Job saw three great needs of man which find their answers in Jesus Christ, which go to the core of life. In Job 9:2, Job asked the question, “But how should man be just before God?” Again in Job 14:4 he asks a similar question “Who can bring a clean thing out of an unclean?” Job wanted to know how can a sinful man (of which we are all sinners) find acceptance with a holy God? The answer to this question is found in the person and work of Jesus Christ. Romans 3:24-25 says “Being justified freely by His grace through the redemption which is in Christ Jesus, whom God hath set forth to be a propitiation through faith in His blood to declare His righteousness for the remission of sins that are past through the forbearance of God”. This means Jesus Christ paid the penalty for our sins satisfying the demands of a holy God. On the basis of Christ’s substitutionary death, God declares the believing sinner justified, fully accepted and clothed in the righteousness of Christ.

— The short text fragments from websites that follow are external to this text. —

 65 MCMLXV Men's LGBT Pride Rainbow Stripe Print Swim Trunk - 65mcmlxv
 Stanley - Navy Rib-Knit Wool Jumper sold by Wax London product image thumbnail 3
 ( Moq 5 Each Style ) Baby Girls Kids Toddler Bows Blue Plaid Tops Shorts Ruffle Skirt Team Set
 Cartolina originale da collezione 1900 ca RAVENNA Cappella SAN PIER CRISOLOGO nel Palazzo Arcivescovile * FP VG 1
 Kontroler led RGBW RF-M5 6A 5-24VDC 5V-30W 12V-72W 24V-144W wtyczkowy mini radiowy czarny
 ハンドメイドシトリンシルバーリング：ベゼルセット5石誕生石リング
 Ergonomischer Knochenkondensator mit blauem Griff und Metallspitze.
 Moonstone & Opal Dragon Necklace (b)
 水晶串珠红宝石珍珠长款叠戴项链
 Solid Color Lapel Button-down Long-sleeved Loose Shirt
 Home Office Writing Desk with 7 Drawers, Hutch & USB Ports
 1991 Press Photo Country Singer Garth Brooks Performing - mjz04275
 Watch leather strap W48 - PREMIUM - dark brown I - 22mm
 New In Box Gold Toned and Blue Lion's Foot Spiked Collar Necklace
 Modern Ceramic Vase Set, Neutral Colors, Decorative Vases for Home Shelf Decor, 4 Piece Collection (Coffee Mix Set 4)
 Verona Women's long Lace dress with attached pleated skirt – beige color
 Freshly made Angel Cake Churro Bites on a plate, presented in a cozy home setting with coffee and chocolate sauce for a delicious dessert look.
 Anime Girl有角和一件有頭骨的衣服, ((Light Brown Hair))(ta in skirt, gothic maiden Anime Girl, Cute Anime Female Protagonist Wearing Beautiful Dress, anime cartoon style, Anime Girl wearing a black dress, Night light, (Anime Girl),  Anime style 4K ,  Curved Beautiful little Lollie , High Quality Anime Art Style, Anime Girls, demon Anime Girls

The second need Job saw is found in Job 23:3. He states: “Oh that I knew where I might find Him, that I might come even to His seat!” Job wants to come into the presence of the invisible God. Jesus answered this need when He told Phillip, “He that hath seen Me hath seen the Father.” If you want to know what God is like, then look at the Lord Jesus Christ. He has all attributes that God the Father has and He is the One who is the mediator between God and man. He is the Incarnate Word, Emmanuel, God with us. It is only through the Lord Jesus Christ that we come to know the Father. Jesus said, “I am the way, the truth and the life; no man comes unto the Father but by me.”
The last great need that Job saw related to the death of man. “If a man die shall he live again?” (Job 14:14) Job answered in the affirmative. “All the days of my appointed time will I wait, till my change come. Thou shall call and I will answer Thee” (Job 14b-15a). Job believed that there would be a resurrection day. This hope finds its fulfillment in Jesus Christ. Again He says, “The hour is coming in which all that are in the graves shall hear His voice and shall come forth.”
Jesus said, “I am the resurrection and the life; he that believeth in Me, though he were dead, yet shall he live”. This is the answer to physical death, the resurrecting power of Jesus Christ. Jesus said, “Because I live, you shall live also” (John 14:19). Earlier, Jesus had said, “The hour is coming in which all that are in the graves shall hear my voice and shall come forth”. Job also understood that this resurrection involved more than just physical resurrection. The Bible says, “Without holiness, no man shall see God”. He must have new life through faith in Christ, be clothed in Christ’s righteousness. By faith Job declares, “In my flesh I shall see God”. In John 5 Jesus says, “The dead shall hear the voice of the Son of God, and they that hear shall live”. Jesus told Martha, “He that believeth in me shall never die”. He was talking about spiritual life, the eternal life which we receive when we are saved. In Christ both spiritual life and new physical life are joined. The Scriptures proclaim a day when “He shall change our vile body that we may be fashioned like His glorious body”. Job had this hope. He affirmed, “I know that my redeemer liveth, and that He shall stand in the latter day upon the earth; and though after my skin worms destroy this body, yet in my flesh shall I see God, whom I shall see for myself, and mine eyes shall behold and not another though my heart be consumed within me” (Job 19:25-27).
Job understood the need of man to have right standing before God, to know God, and to have new spiritual life and new bodies. He looked forward to the coming of his Redeemer, the Lord Jesus Christ. We today have the same hope that Job did as we look back upon the completed work of Jesus Christ.